The judges also were impressed by a contestant who said she didn’t actually sign up for the event.
“I was just stand-up paddle-boarding coming from Kam I, and I needed to go potty so I aimed at the next beach because I think I saw a bathroom over there in the park,” said Joanne Worthy, 58, of Edmonton, Canada. “But I got stuck on this little wave and it just kept going and going and going like the Energizer Bunny. Next thing I knew, the shore was right there, people were clapping, and yelling at me to do it again. So I did.”
Unfortunately, on her last ride Worthy crashed into a kid carelessly lying on a big inflatable sea turtle and could not complete the ride.

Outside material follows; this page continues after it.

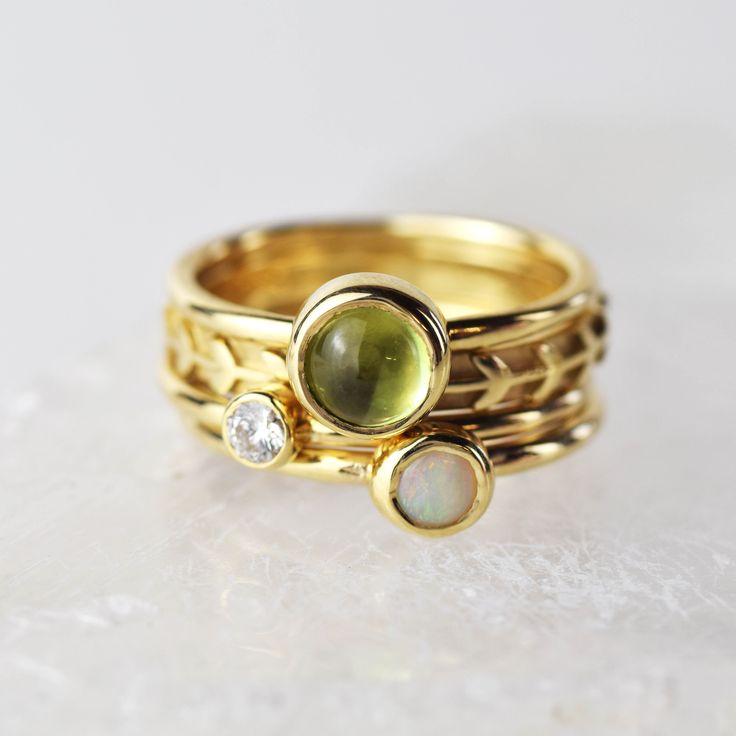 A stunning green peridot stacking ring made from solid 9ct yellow gold. Choose to wear the ring on its own, or mix and match it with other stacking rings from the Nebula collection, or why not add a sparkling Andromeda diamond ring? Peridot is a beautiful juicy green gemstone and the birthstone of August. It is one of only a few stones to come in only one colour, a lovely olive green and is said to bring a wonderful year to whoever wears it. It's warm glowing colour is a reminder of summer and o Yellow Gold Stackable Opal Ring For Promise, Stackable Green Diamond Ring In 14k Gold, Dainty Yellow Gold Stackable Opal Ring, Stackable Yellow Gold Peridot Jewelry, Gold Peridot Diamond Ring For May Birthstone, Yellow Gold Peridot Diamond Ring With Birthstone, Fine Jewelry Yellow Gold Stackable Rings For May Birthstone, Yellow Gold Peridot Stackable Rings, Stackable Peridot Promise Ring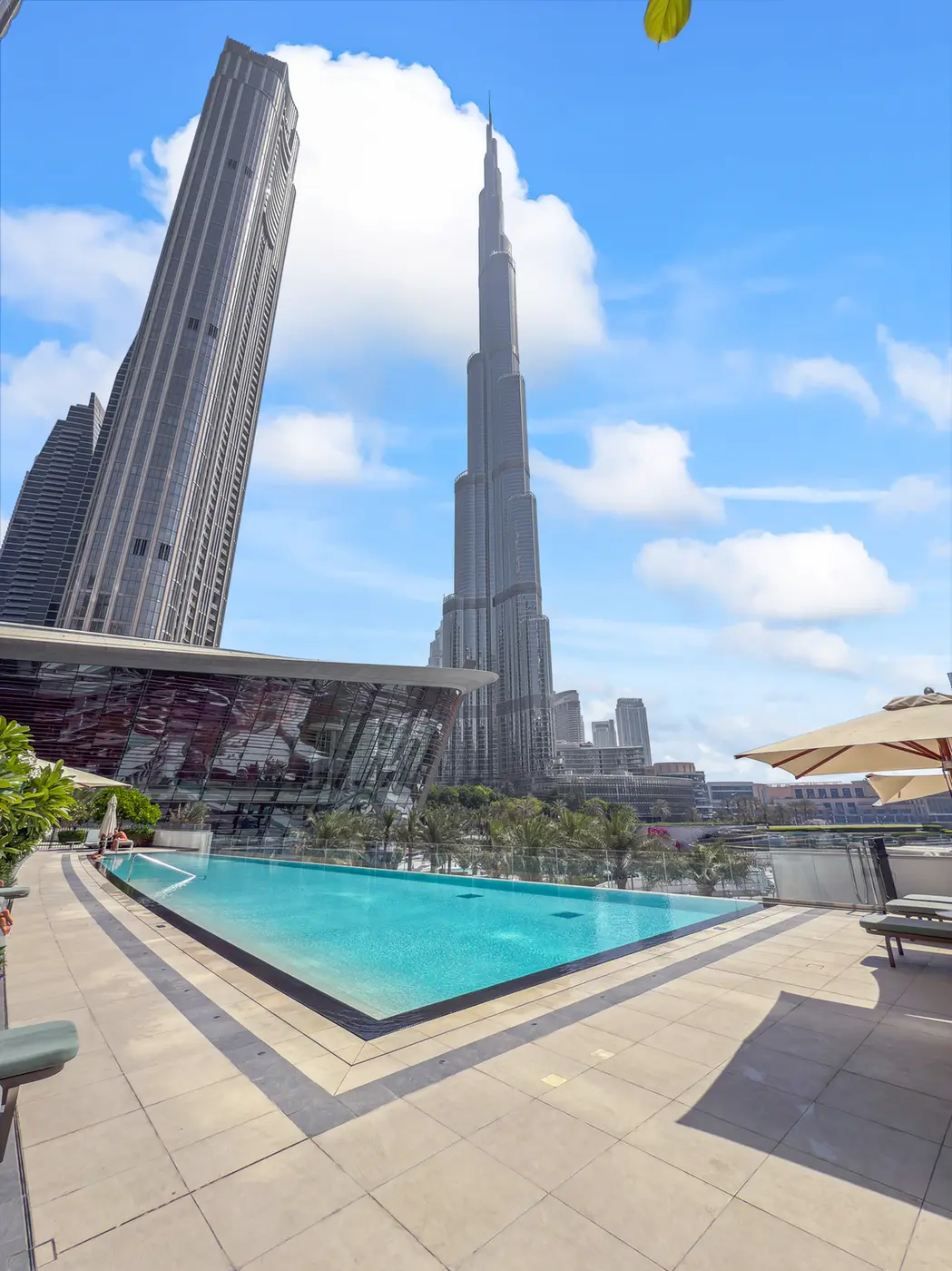 Rooftop pool with sun loungers and umbrellas, overlooking Dubai’s skyline with the Burj Khalifa on a bright, clear day.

In fact, only Morango seemed to reach the beach consistently.
“Next year we’ll try to arrange it at a location where there aren’t so many darn visitors in the water trying to learn to surf, or just walking all the way out there to that rock in the middle,” said Tim Armstrong, marketing director for Maui Insight. “And where did all those abandoned flotation devices come from? Did they have a sale at Long’s or something?”
No contestants were from Maui, Armstrong said. A local walking by the event questioned its purpose.
"What Polock sets up a surfing contest in a spot where people go to learn to surf?" asked Steven Ninau of Kahului. "There must have been 450 people out there this morning."